-- Opening Marker --

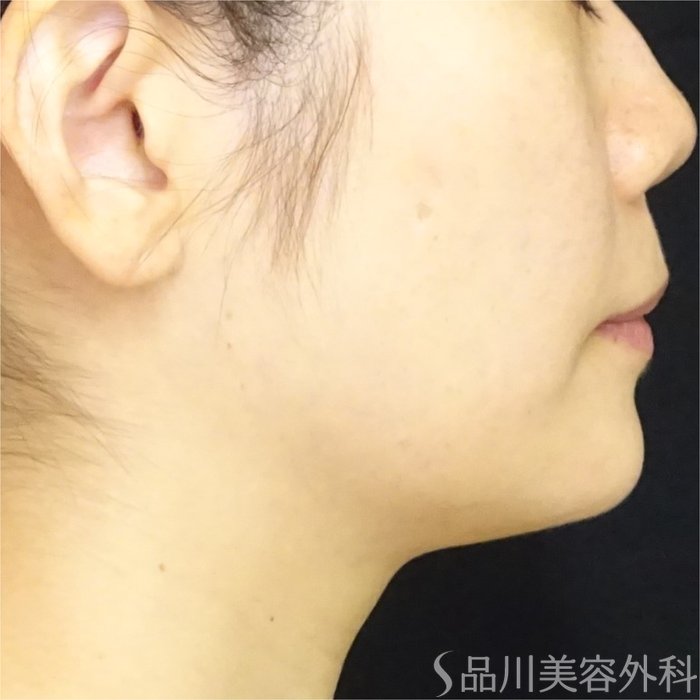 症例NO.69449のAFTER写真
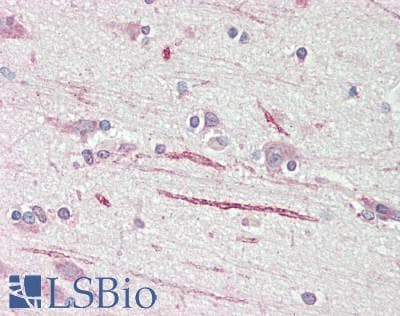 IHC-plus™ ASIC1 / ACCN2 Antibody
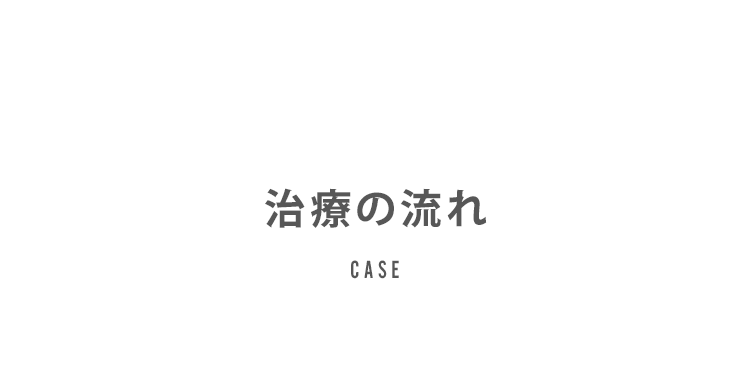 治療の流れ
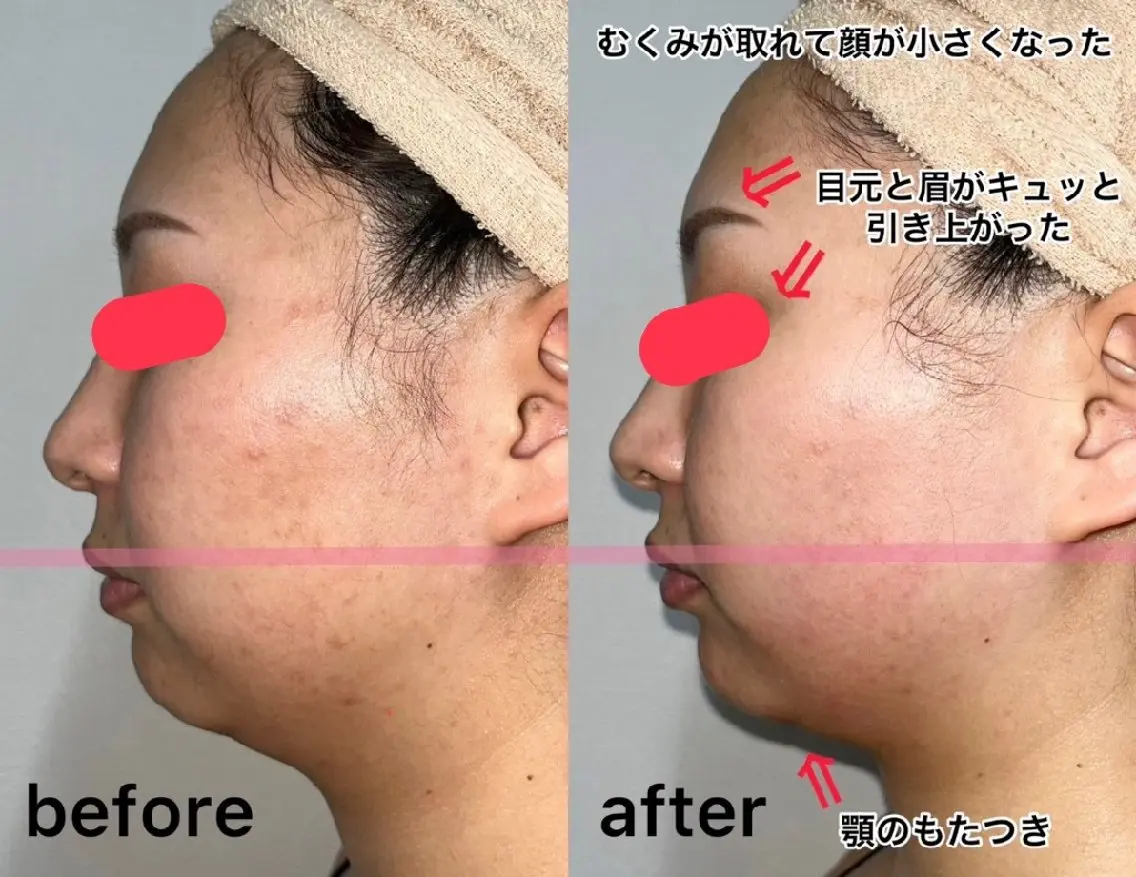 メンズ エステ salonde ReGodのエステ・リラクイメージ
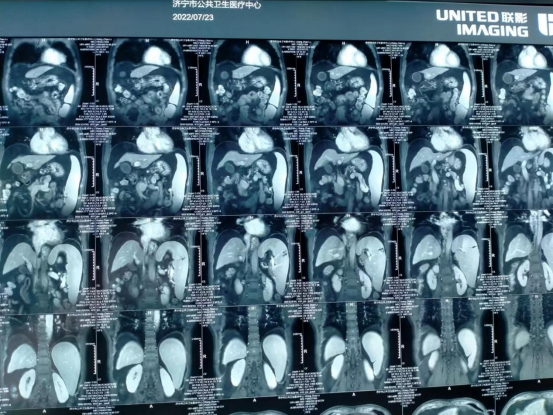 济宁市公共卫生医疗中心顺利完成一例高难度巨大脾脏切除术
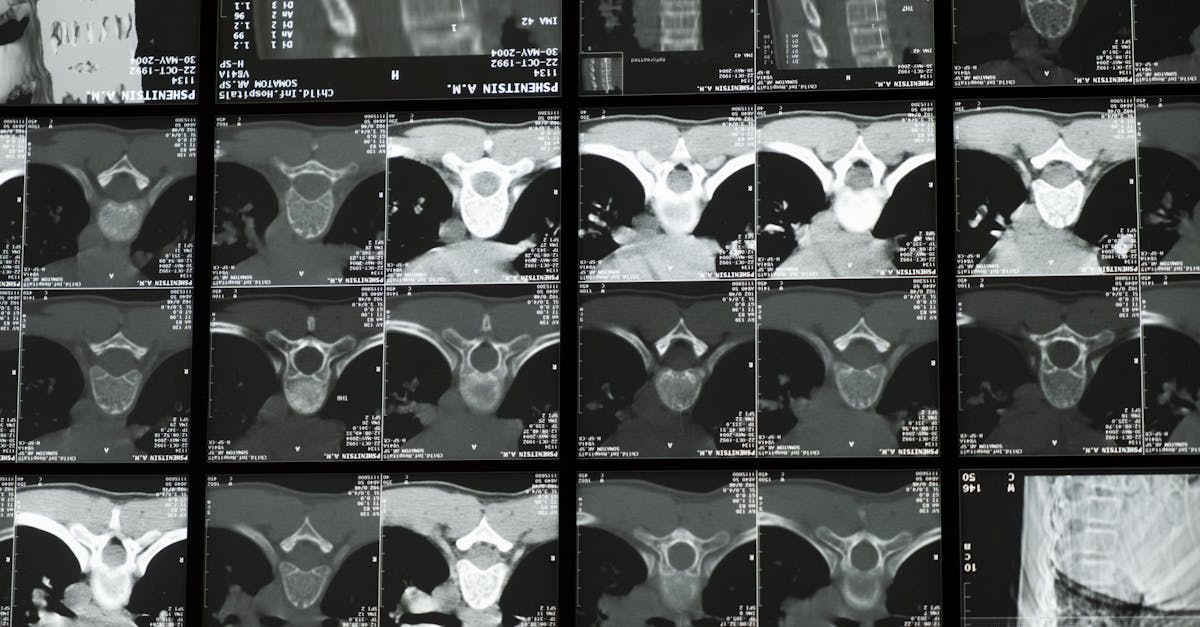 discover essential insights about scoliosis, its symptoms, causes, and treatment options. learn how early diagnosis and innovative therapies can help manage this spinal condition effectively.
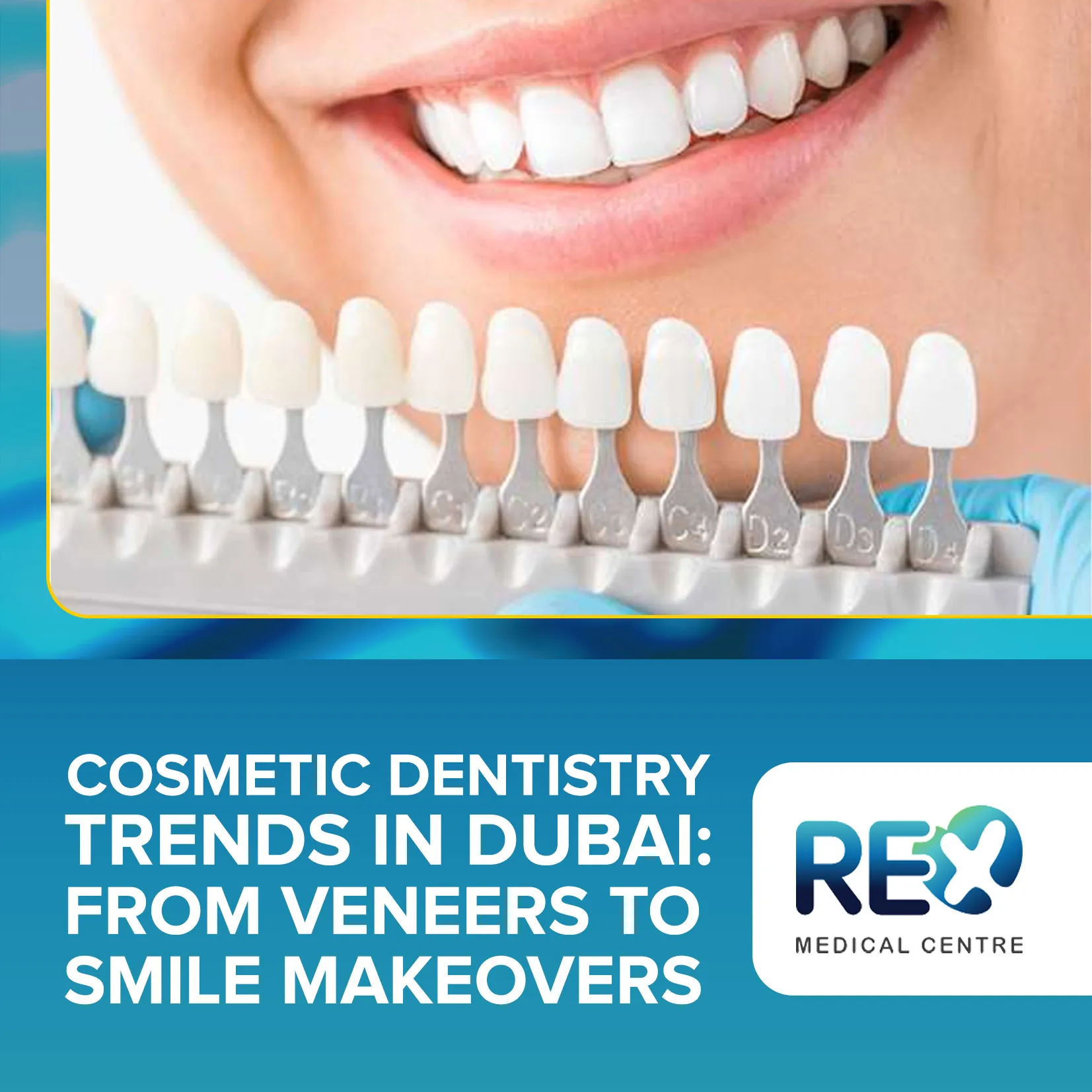 Cosmetic Dentistry Trends in Dubai: From Veneers to Smile Makeovers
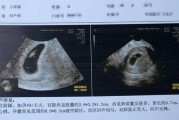 怀孕40天才测出来？解析背后的原因和可能影响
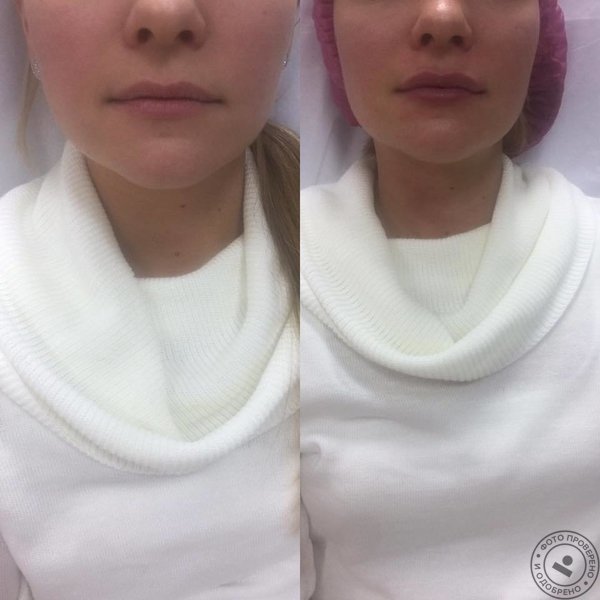 Центр эстетики и косметологии «Баллирано» - фото 10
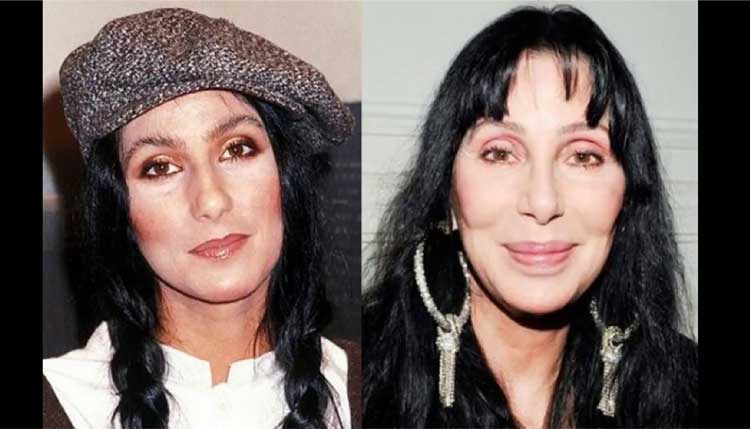 Cher plastic surgery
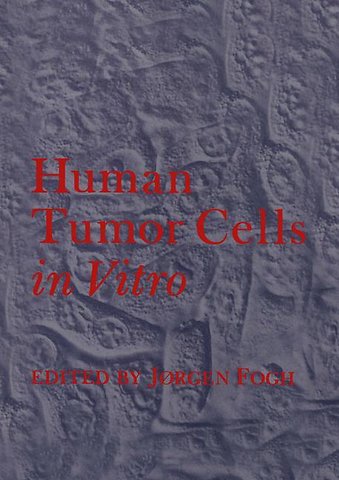 Human Tumor Cells in Vitro
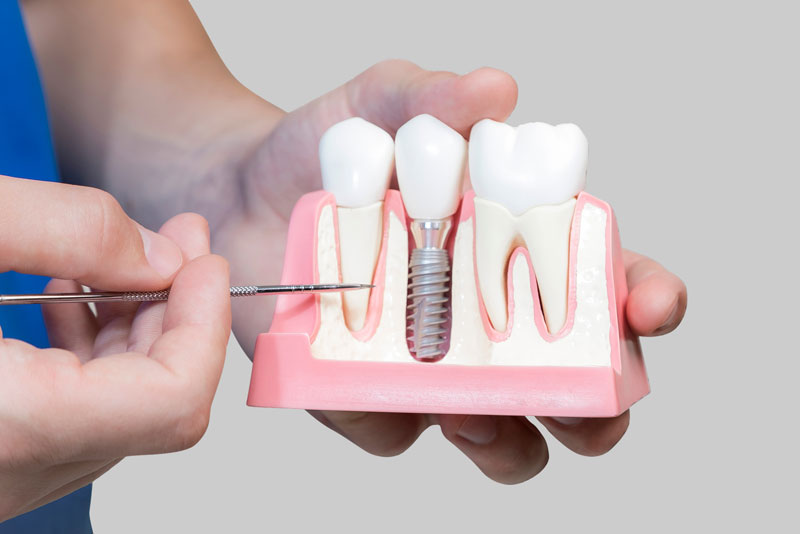 Dental Assistant Showing Off A Dental Implant In A Jawbone Cutaway Model in Abilene, TX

-- Closing Marker --

# INSTRUCTIONS FOR THE TASK
An acceptable answer holds exactly the lines from the one with "Human Tumor Cells in Vitro" through the end of the entries above, both ends kept, and no pictures at all.

# SOLUTION FOR THIS PROBLEM
 Human Tumor Cells in Vitro
 Dental Assistant Showing Off A Dental Implant In A Jawbone Cutaway Model in Abilene, TX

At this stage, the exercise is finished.